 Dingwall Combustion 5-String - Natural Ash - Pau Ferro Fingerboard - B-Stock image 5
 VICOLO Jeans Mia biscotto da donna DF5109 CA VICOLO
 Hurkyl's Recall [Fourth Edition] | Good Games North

==

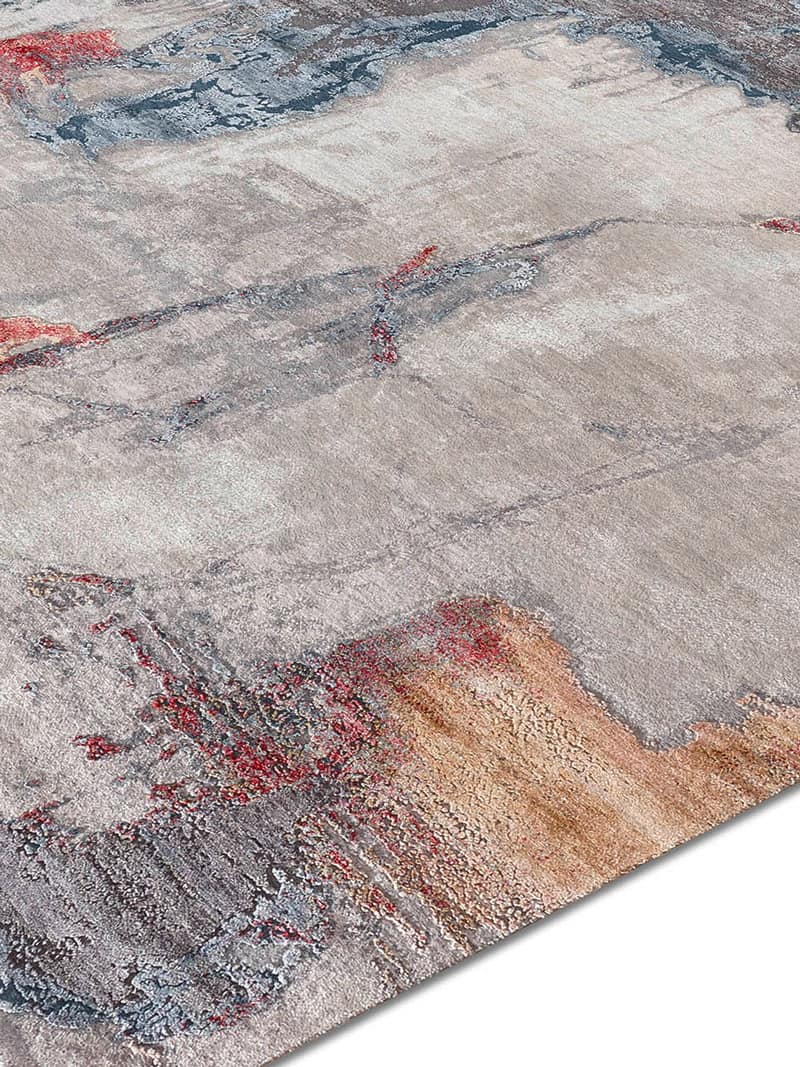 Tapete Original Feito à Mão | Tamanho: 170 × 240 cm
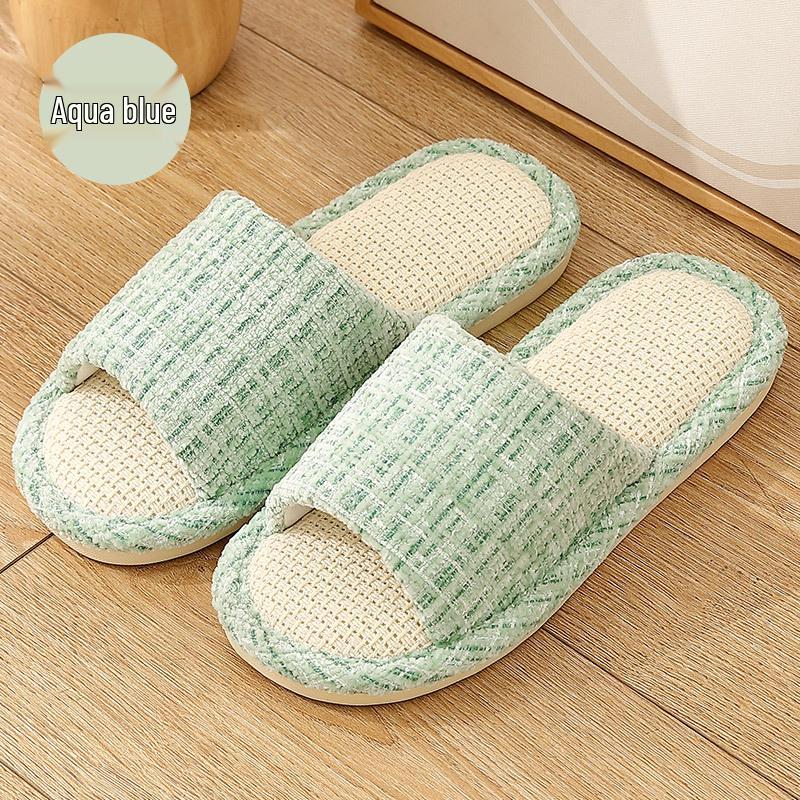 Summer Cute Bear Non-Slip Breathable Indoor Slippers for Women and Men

*WHAT THE EXERCISE ASKS*
Of the lines above, quote exactly those from the one with "Tapete Original Feito" through the one with "Summer Cute Bear", ends included; pictures stay out.

*REPLY TO THE EXERCISE*
 Tapete Original Feito à Mão | Tamanho: 170 × 240 cm
 Summer Cute Bear Non-Slip Breathable Indoor Slippers for Women and Men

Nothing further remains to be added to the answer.